Stored data:
━━━━━━━━━━━━━━━━━━━━━━━━━━━━━━
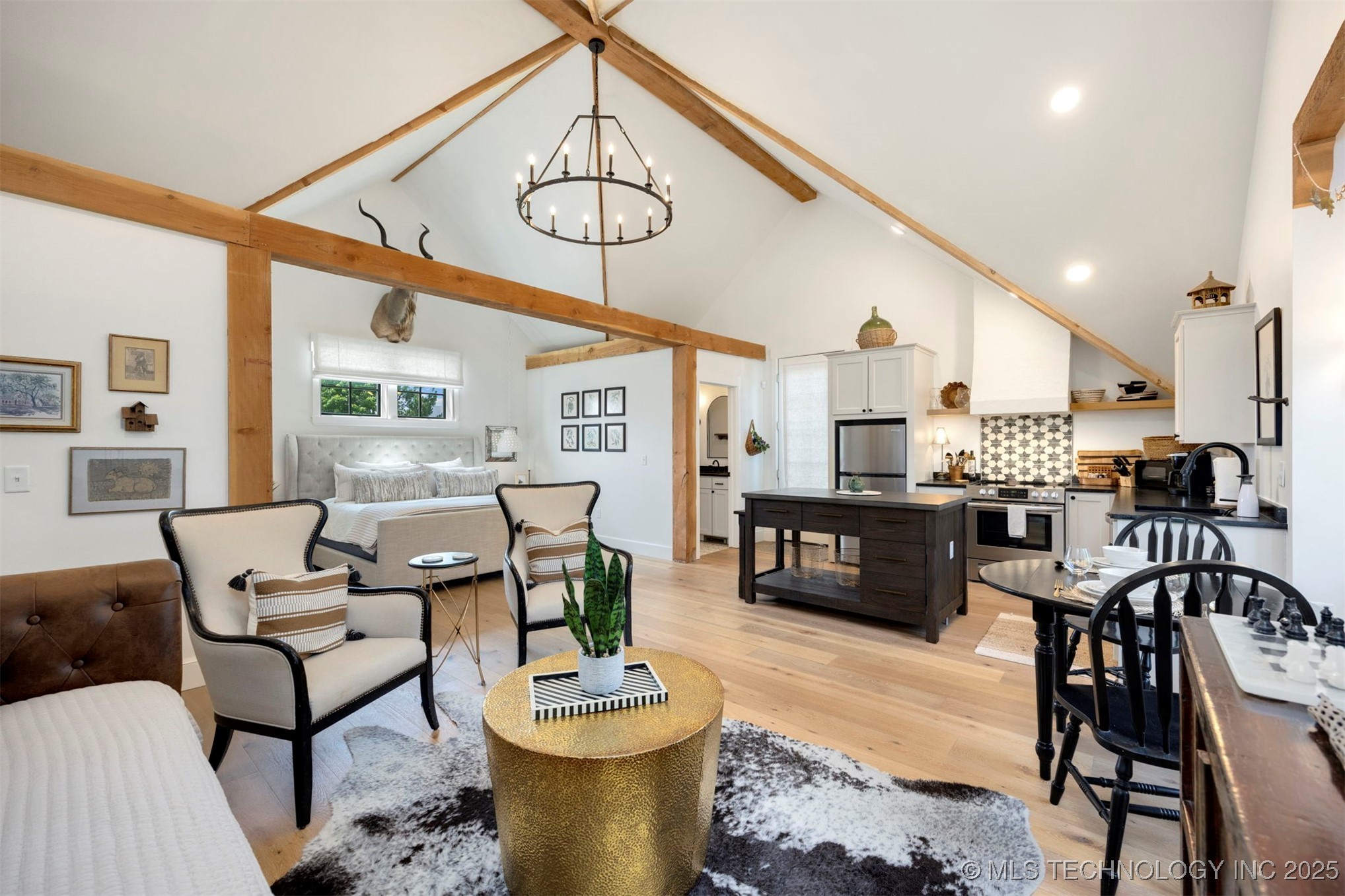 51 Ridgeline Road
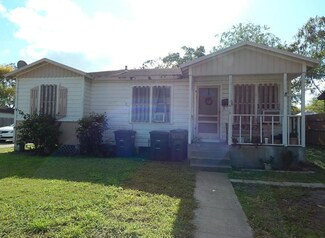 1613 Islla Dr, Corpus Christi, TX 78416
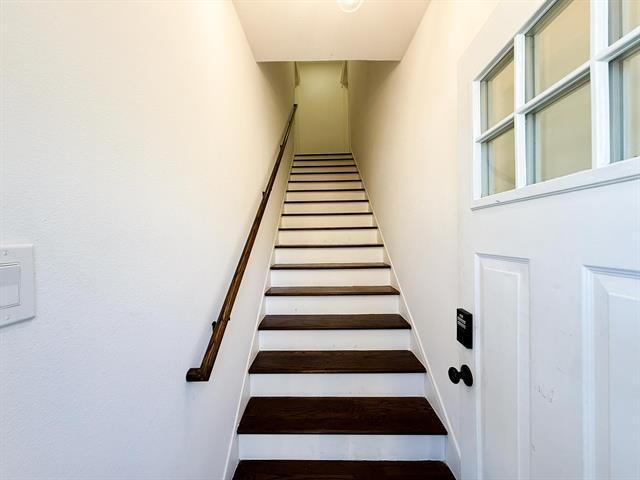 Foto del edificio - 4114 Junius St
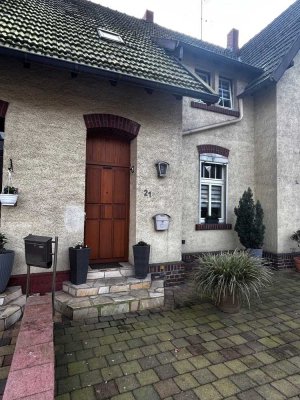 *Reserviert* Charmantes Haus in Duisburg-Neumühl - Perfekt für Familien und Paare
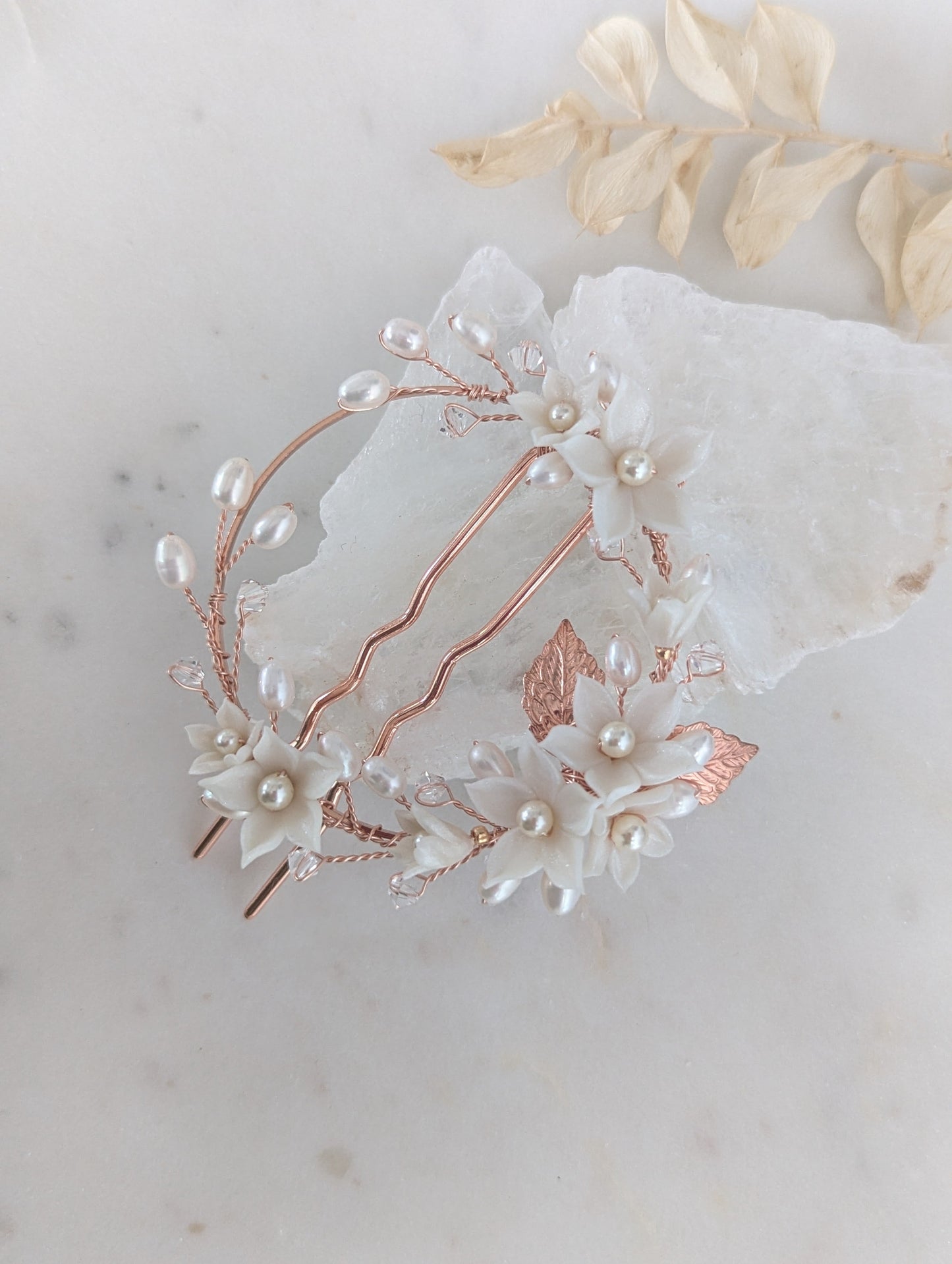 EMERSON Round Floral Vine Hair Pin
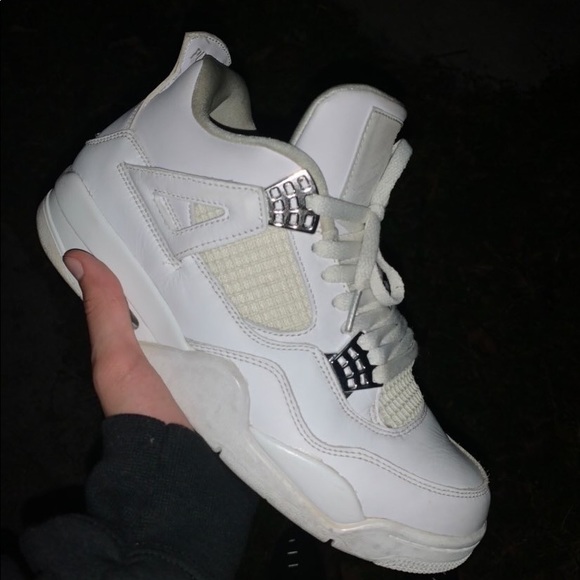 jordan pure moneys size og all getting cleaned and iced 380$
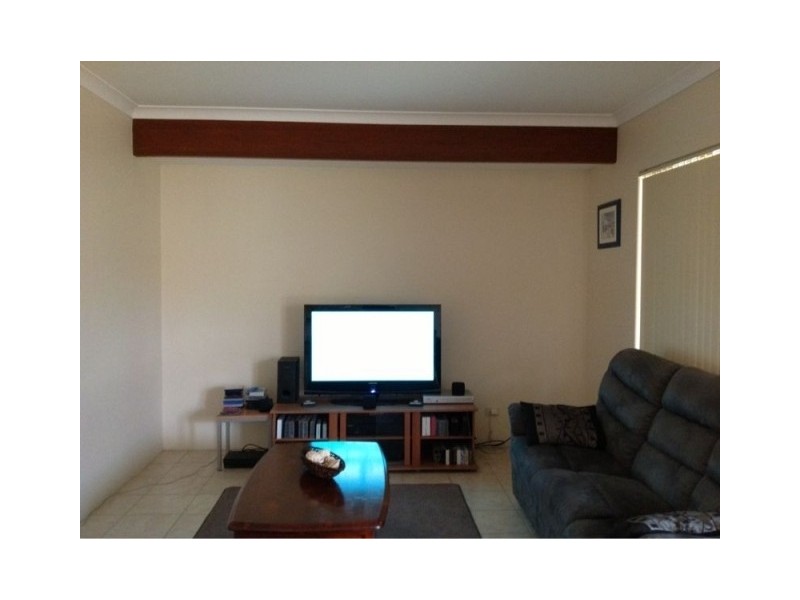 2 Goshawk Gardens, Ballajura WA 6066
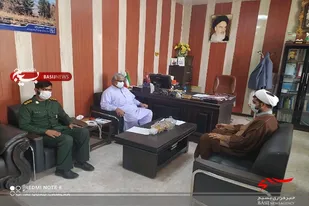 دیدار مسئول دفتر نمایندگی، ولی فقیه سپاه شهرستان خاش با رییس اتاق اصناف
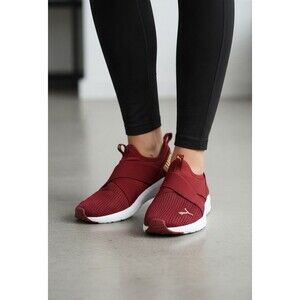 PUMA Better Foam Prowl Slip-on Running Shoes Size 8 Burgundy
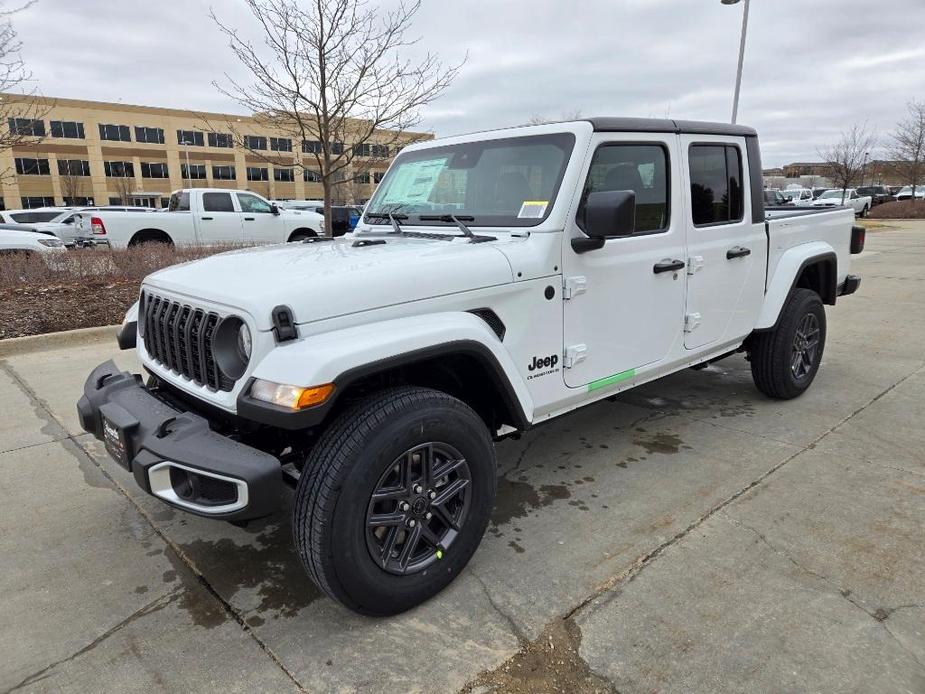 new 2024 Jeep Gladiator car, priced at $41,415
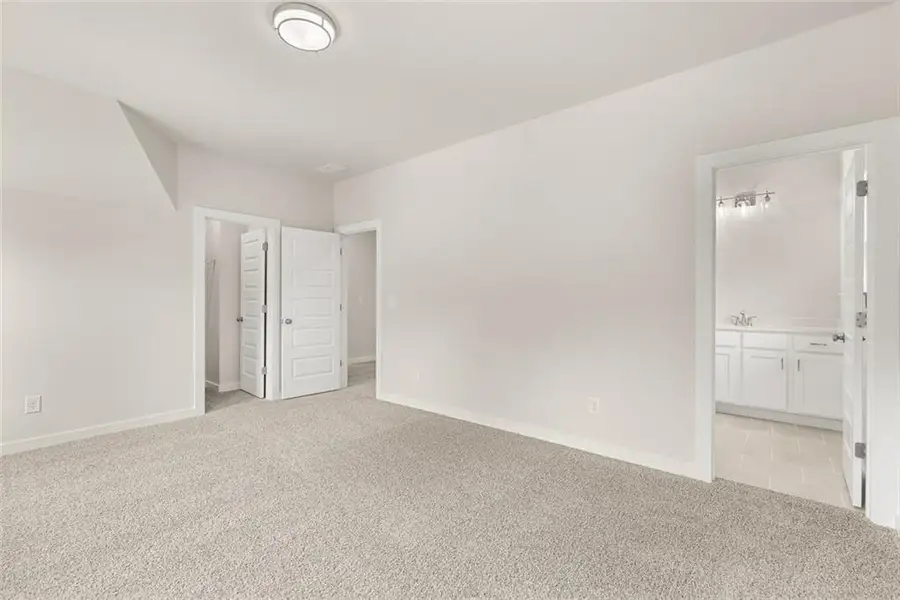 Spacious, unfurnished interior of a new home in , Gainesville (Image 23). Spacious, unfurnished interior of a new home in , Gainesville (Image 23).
━━━━━━━━━━━━━━━━━━━━━━━━━━━━━━
* **Assigned task**: What's needed is an exact copy of the records above from the line containing "Foto del edificio - 4114 Junius St" down to the line containing "2 Goshawk Gardens, Ballajura WA 6066", both included, without any pictures.

* **Result of the task**:
 Foto del edificio - 4114 Junius St
 *Reserviert* Charmantes Haus in Duisburg-Neumühl - Perfekt für Familien und Paare
 EMERSON Round Floral Vine Hair Pin
 jordan pure moneys size og all getting cleaned and iced 380$
 2 Goshawk Gardens, Ballajura WA 6066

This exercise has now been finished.